川崎に関しては 後半のやり方に疑問視はありますが 基盤はしっかりはしてますね
意外だったのは レッズの崩壊と名古屋の躍進でしょうか。
で 強いチームは それなりにしっかりしたチーム作りをしているのに対し
下位のチームは やっぱり 「緩み」 が見える。降格という恐怖があるから 常に
「場しのぎ」 を繰り返して 結局 チームの基盤に厚みを持たせられないわけです。
上位チームのほとんどは 日本人を中心に 足りないピースとして外国人を と言う
作りをしている事からも やはり日本人選手で作る基盤が どれくらい高いかが
強いチームを作る鍵じゃないでしょうかね。
まぁ その良い日本人選手を獲得できないのが 貧乏チームの苦しさなんですが。
この過渡期にあって思うのは 「今後 数年間でJリーグは激変するんじゃないか?」
って気がするんですね。クラブとしての体力や プロサッカーチームとしての作り方に
脆弱な所は どんどん落ちて行くんじゃないか と。そういうシビアな時代になる と。
そう考えると これからの数年間は より真摯にチームを作らなきゃならないですし
緩みが見えるクラブには そこのサポーターが厳しい環境を作ってかなきゃならない
と思います。これからの篩(ふる)いは 本当にシビアなもので 振り落とされたチーム
は最悪の事態まで考えさせるものでしょうから。
こうした Jリーグの今後を数年間という長いスパンで考えて そこに怖さはあるものの
「つまりは ちゃんとしたチームを作って行けば 恐れるものではない」 と思いますね。

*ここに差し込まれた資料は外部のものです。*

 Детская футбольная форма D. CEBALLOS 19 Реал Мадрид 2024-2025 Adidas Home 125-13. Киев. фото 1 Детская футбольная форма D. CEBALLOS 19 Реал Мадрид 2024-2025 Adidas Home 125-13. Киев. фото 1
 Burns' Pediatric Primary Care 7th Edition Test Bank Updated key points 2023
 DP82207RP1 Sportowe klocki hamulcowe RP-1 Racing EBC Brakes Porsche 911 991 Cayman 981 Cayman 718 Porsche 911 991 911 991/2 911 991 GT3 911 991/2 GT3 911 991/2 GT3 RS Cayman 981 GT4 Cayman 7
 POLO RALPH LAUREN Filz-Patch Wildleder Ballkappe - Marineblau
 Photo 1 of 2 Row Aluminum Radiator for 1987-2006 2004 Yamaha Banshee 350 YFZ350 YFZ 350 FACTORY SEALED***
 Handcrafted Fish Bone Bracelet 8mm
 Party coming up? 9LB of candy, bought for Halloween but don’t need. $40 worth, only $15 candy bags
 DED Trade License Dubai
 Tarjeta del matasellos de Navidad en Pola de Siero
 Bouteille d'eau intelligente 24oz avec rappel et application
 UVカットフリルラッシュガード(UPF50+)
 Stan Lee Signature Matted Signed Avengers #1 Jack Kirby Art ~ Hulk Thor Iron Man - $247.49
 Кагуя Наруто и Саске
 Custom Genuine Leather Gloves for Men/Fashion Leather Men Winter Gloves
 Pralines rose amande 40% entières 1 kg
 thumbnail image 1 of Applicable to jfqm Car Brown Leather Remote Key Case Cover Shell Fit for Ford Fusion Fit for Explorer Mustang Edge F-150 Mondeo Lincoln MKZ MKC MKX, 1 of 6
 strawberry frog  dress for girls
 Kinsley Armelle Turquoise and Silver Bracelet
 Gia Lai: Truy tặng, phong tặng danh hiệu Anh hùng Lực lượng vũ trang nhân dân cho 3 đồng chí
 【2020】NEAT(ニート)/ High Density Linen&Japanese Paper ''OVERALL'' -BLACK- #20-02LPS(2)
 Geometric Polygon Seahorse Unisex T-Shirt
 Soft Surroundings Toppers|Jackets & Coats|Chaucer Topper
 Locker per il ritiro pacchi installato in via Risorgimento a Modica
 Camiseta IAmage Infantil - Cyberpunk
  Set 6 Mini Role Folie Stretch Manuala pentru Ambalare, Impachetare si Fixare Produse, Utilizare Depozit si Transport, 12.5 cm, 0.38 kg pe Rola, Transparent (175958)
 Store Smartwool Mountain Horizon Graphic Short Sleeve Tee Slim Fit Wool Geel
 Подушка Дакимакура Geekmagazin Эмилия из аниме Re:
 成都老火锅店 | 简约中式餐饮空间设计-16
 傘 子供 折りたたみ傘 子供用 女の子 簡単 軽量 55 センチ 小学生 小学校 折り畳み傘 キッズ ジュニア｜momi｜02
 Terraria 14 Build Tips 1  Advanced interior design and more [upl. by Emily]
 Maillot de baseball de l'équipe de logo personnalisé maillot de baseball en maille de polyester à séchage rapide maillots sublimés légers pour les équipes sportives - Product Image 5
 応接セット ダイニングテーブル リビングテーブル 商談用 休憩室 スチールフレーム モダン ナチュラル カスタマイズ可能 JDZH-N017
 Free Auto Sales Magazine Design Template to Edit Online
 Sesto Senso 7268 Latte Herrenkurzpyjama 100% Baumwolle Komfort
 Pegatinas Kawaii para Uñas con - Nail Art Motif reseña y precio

Jではまだバックアップも 選手層も流動している時なのですから 今いくら好調で
あろうとも 不調であろうとも形勢を変える事は そう難しくないと思えるわけです。
また 今 上位にいるチームと下位のチームの差も 致命的と言えるほどではない
であれば逆転の可能性は まだまだ残されているのが Jリーグだと思いますね。
それは今年のヴェルディを見ても 納得は出来るはずで このチームが今年2度目の
降格をして 今現在 あらゆる窮地に立たされているわけです。
この状態を僅か10数年前 J開幕の時に誰が思ったでしょうか。名門中の名門が
華やかな活躍のまま 優勝を飾り 「Jの象徴」 とも言えたクラブが 僅かな年月で
ここまで落ちて来たわけです。1度の降格ならアクシデントとも言えるのですが
2度目となれば 不運では済まされない問題が このクラブには存在するわけです。
また もう一つ過渡期を思わせるものとして ジュビロの入れ替え戦参入があります。
あれほどの強さと華麗さを誇ったチームが 今年 入れ替え戦に加わった
その事実が サッカーファンとして衝撃でもありましたし 同時に 「危険な時代」 に
突入した事を感じましたね。ただジュビロの場合 緩んでいるとは思えないんですよ
真面目にサッカーに取り組んでいる そう思うチームですし それも 場しのぎではなく
長い時間を掛け ジュビロのペースで しっかりと作り上げているようにも思えます。
だからこそ 「そのチームがなぜに?」 という疑問は 今も拭えませんね。
個人的には 山本昌邦氏の罪は 決して小さくない と思いますが。
近くにあるチームじゃないですから 原因を究明する事は出来ませんが
ただ このジュビロやヴェルディの停滞は 決して偶然じゃないと思いますね。
一時代を築いた2チームが 降格した 降格危機にあった という事実は 少なくとも
アクシデントではなく 「過渡期と言う時代の波にのまれた」 と思っています。
そして この時代の波を征するのは しっかりした運営と しっかりしたチーム作りをした
クラブじゃないかと思いますね。だからこそ ここからは真摯に作らなきゃならないと。
ただ 強いチームを作るのは クラブの運営力であったり 選手の運動能力であったり
そういう大きなバックボーンがある事は間違いないんですが それでも思いますね
サッカーの試合 勝敗を決めるのは
最後の最後 つま先ひとつ の戦いなのだ と。
先日の入れ替え戦。ジュビロvsベガルタの2戦目。
松浦の2ゴール 2-0でジュビロがロスタイムに突入して 残り1分でリャンが決めて
2-1になってからの60秒。その攻防が 結局 「サッカーの全て」 じゃないかな と。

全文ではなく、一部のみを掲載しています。